To achieve this, you have to introduce international standards––something that large financial organisations have a lot of experience with.
Burwell said, “And so I think a lot of the discussions are going to focus on: where are we in the standards process, with the adoption process of those standards and the like?”
And while they aren’t in a position to help trading companies source, produce, or transport goods sustainably, banks and trade finance organisations can potentially help with the financing of more sustainable supply chains, thereby incentivising more importers and exporters to adopt sustainable practices.
However, he also feels it is important to gain clarity on what precisely sustainability means to trade organisations.
Burwell said, “The UN has their 17 sustainable development goals (SDGs). But then when you look at the policy community, everything is focused on climate and environment.
“So much of trade actually facilitates SDGs outside of climate change.
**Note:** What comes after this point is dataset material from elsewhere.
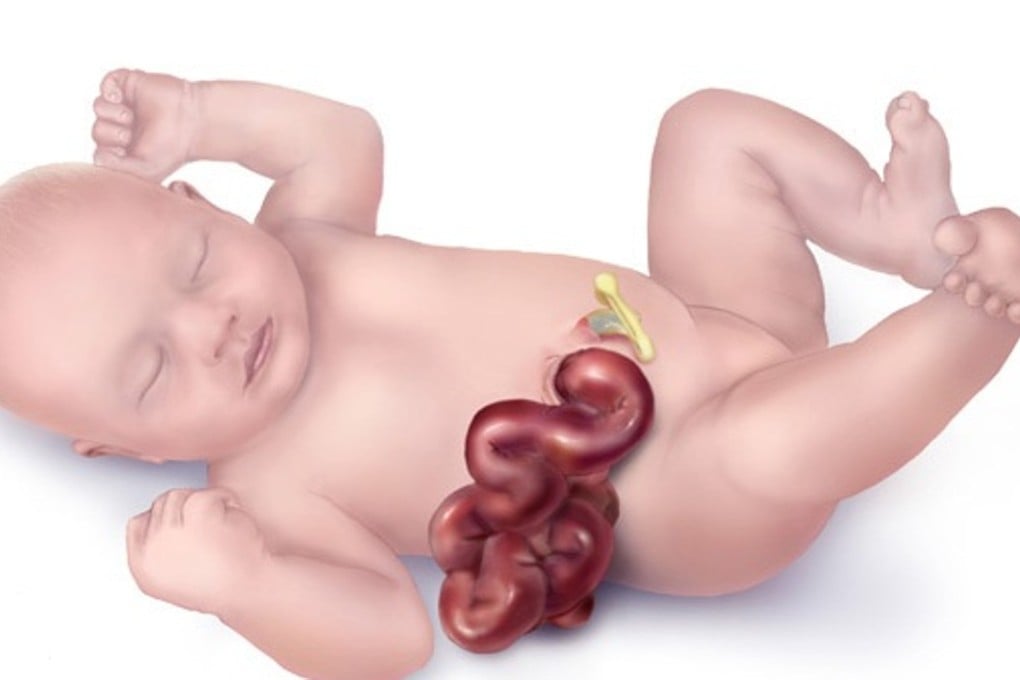 An illustration by the US Centres for Disease Control, depicting an infant suffering gastroschisis. Graphic: US CDC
And so one of the biggest issues for our members is how do you apply the concepts of sustainability across the spectrum of trade, measure it in a way that’s consistent with policy frameworks?”
Legal frameworks: a region-by-region affair
On the issue of legal frameworks, BAFT has teamed up with the legal reform advisory board of the ICC to try and drive forward the adoption of the Model Law on Electronic Transferable Records (MLETR) region-by-region.
Burwell added, “There are about seven countries that have already adopted MLETR, but there are some major jurisdictions [are] on the cusp of making significant steps forward.
“The UK has an electronic documentation bill that’s under consideration right now.”
Indeed, the Electronic Trade Document Bill which is currently making its way through the UK Parliament has been designed to address a long-term bugbear within English law around the question of legal ownership of intangible items.
Up until now, this has made it hard to address the issue of control, without which it is difficult to develop a reliable document control and verification system.
In the US, where BAFT is based, recent amendments that were made to the Uniform Commercial Code at a national level still need to be approved by all 50 states before these will apply universally across all major US trade jurisdictions.
When it comes to things like cross-border trade and global payments, the situation is a bit more complex.
Burwell said, “When we look at cash management, particularly on the payment side, we’re trying to focus on the unevenness of regulations and how that’s impacting the disparate faster payment systems around the world: What are the rules, who’s allowed to participate, how is [know your customer] KYC––as well as banks versus non-banks––being considered?”
Basel and closing the trade finance gap
When it comes to trade finance, BAFT is advocating for ways to encourage more financial inclusion so that the standing trade finance gap doesn’t continue to widen, especially given the current tough trading environment.
Here, Burwell feels it is also important to introduce some basic legislation around capital frameworks in accordance with the Basel Framework for international settlements. This directly impacts how much liquidity banks are able to provide to trade organisations, which in turn, determines their ability to help close trade finance gaps.
Overall, though, Burwell feels that things are headed in a very positive direction, and BAFT is doing all it can to facilitate this process through a mixture of policy advocacy, education and training, alongside global community building.
Burwell said, “You need to collaborate in order to solve those challenges, and they do it through us.”